Machinefabriek Breda

Uit Wikipedia, de vrije encyclopedie

De Machinefabriek "Breda" was een Nederlandse machinefabriek, die - met een korte voorgeschiedenis te Tilburg - gevestigd was te Breda. Zij genoot lange tijd een internationale reputatie op stoomgebied, zowel voor stoomketels als stoommachines. Een tijdelijke specialiteit vormden stoomlocomotieven,het bedrijf was een belangrijke leverancier van stoomlocomotieven aan de Nederlandse stoomtrambedrijven maar ook aan buitenlandse bedrijven

Ontstaan en groei[bewerken | brontekst bewerken]

De onderneming kent een voorloper in de firma De Bruyn Kops, Mannsbach & Cie., die in 1855 startte in Tilburg. De belangrijkste grondlegger, de civiel ingenieur Cornelis Marie de Bruyn Kops (Hoorn, 1829- Breda, 1885), ging hier in 1859 verder onder de naam De Bruyn Kops & Cie., tot 1861. Samen met zijn nieuwe compagnon Jhr.

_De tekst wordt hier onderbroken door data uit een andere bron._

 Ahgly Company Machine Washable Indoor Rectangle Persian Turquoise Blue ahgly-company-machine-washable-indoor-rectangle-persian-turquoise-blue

Ferdinand Backer (Amsterdam, 1835 - Breda, 1900) werd het bedrijf van de nieuwe vennootschap De Bruyn Kops & Backer in 1862 overgeplaatst naar Breda.

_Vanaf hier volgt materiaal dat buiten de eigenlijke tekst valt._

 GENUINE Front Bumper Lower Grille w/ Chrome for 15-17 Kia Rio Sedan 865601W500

Plaatje Backer & Rueb op machine Stoomgemaal Hertog Reijnout, gedateerd 1882

De onderneming in Breda bleef de naam De Bruyn Kops & Backer houden nadat De Bruyn Kops zich in 1868 had teruggetrokken. In 1870 werd Johann Gerhard Rueb (Rotterdam, 1844 - Breda, 1930) de nieuwe compagnon van Backer en werd de bedrijfsnaam Backer & Rueb. In 1884 werd de naam gewijzigd in NV Machinefabriek Breda v/h Backer & Rueb.[1] Het bedrijf droeg ondanks de nv-vorm tot begin 20e eeuw een familiekarakter: de zoon van Rueb, Gerhard Christiaan Conraad (Breda, 1876 - Breda, 1916), trad in 1907 op als mededirecteur naast zijn vader. In 1897 had het bedrijf 350 werklieden in dienst.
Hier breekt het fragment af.